History at Fenway Park

TONIGHT at Fenway Park, the Boston Red Sox will set a remarkable record - 500 consecutive sold-out games.

Only three other professional teams in sports history have achieved more, and they were all NBA teams who play shorter seasons in smaller venues.

So it is time to give credit where credit is due, particularly when it wasn’t so long ago that a lot of people in this town were upset that the Red Sox were being sold to “out-of-towners.’’

The truth is that had it not been for the ownership group of John Henry, Tom Werner, and Larry Lucchino, and the remarkable team they put together both on the field and in the front office, it is highly unlikely that Boston would be celebrating this achievement tonight.

In fact, today you would be hard pressed to find anyone willing to say that selling the Sox to the Henry, Werner, and Lucchino group was a bad idea.

Those sold-out games are no accident.

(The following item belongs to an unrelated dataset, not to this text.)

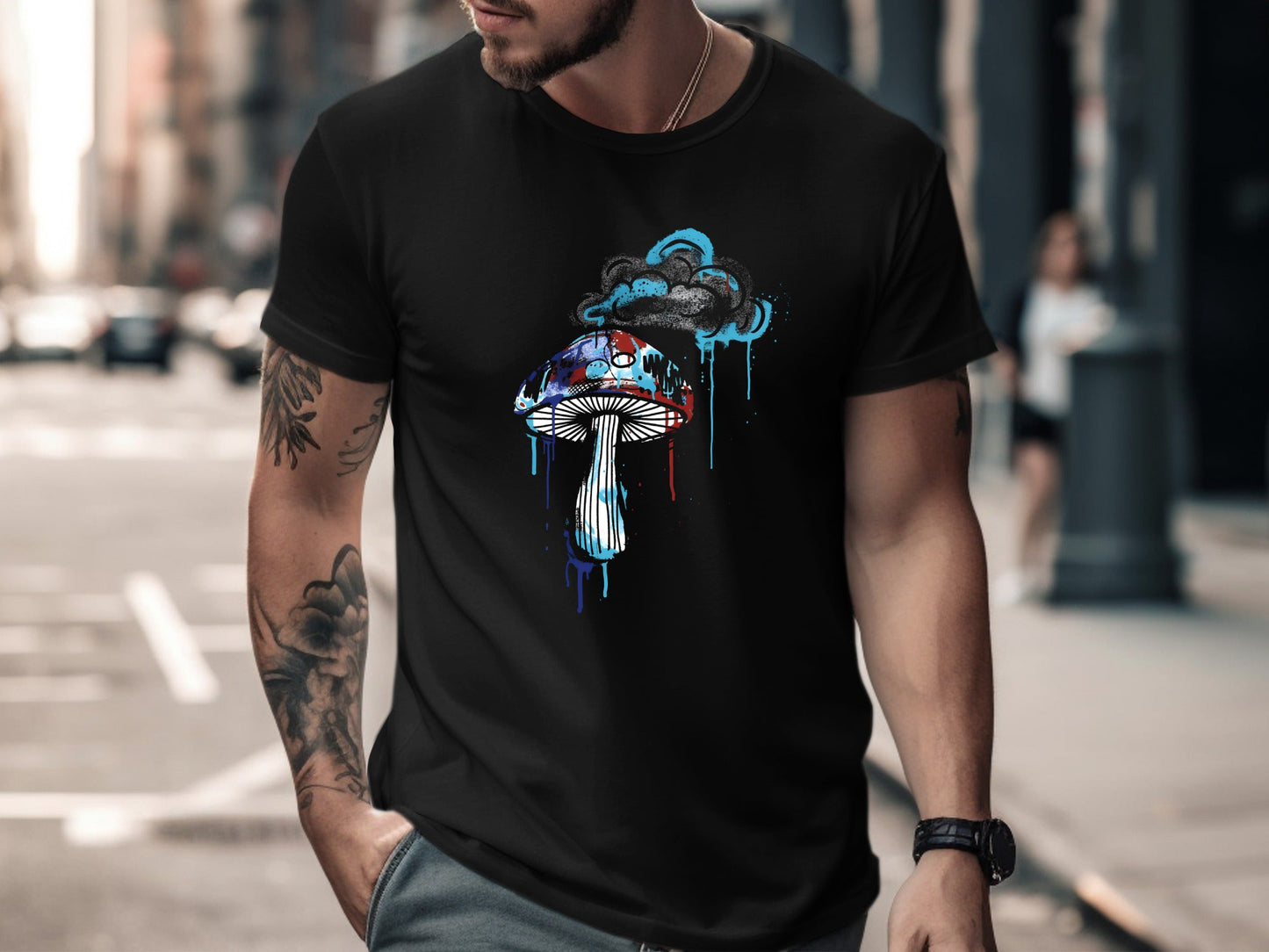 Graffiti Psychedelic Mushroom Drip Tee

Recruiting a top-notch manager, putting together a first-class ball club, and building a superb farm system have had a lot to do with it. Two world championships in three years can do wonders for a fan base that suffered for a long, long time. I know. I attended my first Red Sox game in 1938 at the age of 4 1/2, and Lefty Grove was pitching!

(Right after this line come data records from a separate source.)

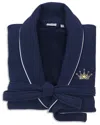 Linum Home Textiles Turkish Cotton Waffle Terry Bathrobe In Navy
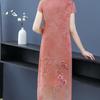 Šaty Nová široká manželka Cheongsam Dámske letné šaty stredného veku Dlhé šaty Qipao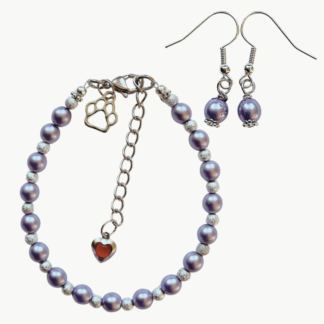 Armband och örhänge tass&hjärta lila 5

But the new Red Sox owners did two other things that I believe have had a lot to do with those capacity crowds at Fenway.

First, they had the good sense to reexamine fundamentally the previous owners’ decision to tear down Fenway and replace it with a phony version of the real thing. There weren’t a lot of us at the time who opposed that decision except for a courageous band of fans who called themselves the Save Fenway group. Massachusetts, which to its credit had never put a dime of the taxpayers’ money into a professional sports team, committed both itself and the City of Boston to hundreds of millions of dollars in public subsidies for the proposed new ballpark.

Fortunately, the new ownership group understood what many native Bostonians did not - that we had a jewel of a ballpark that, with some tender loving care, could both expand the number of seats and preserve its special history and atmosphere in a way that almost no other major ballpark has been able to do. The results have been spectacular. The cost is a fraction of what the new ballpark would have entailed, and the experience of watching a ballgame at Fenway is as good as anyone could possibly enjoy.

Secondly, they have turned the Red Sox into one of our best and most important civic institutions. Since 2002, the Red Sox Foundation has contributed more than $30 million to important charitable causes in and around Boston. The Jimmy Fund has always been a Red Sox favorite, but the Red Sox Scholars program, the Dimock Community Health Center in Roxbury, and athletic programs for children in Greater Boston have all benefited from an expanded notion of what the Red Sox mean to this community.

Nobody can tell us at this point in the season whether the Sox will be hoisting another world championship banner at Fenway in October. But we know that we are already on track to another exciting season, and that thanks to a bunch of out-of-towners, the Red Sox have set the standard for civic and community engagement for the nation’s professional sports teams.
Michael Dukakis is the former three-term governor of Massachusetts and now a professor at Northeastern University.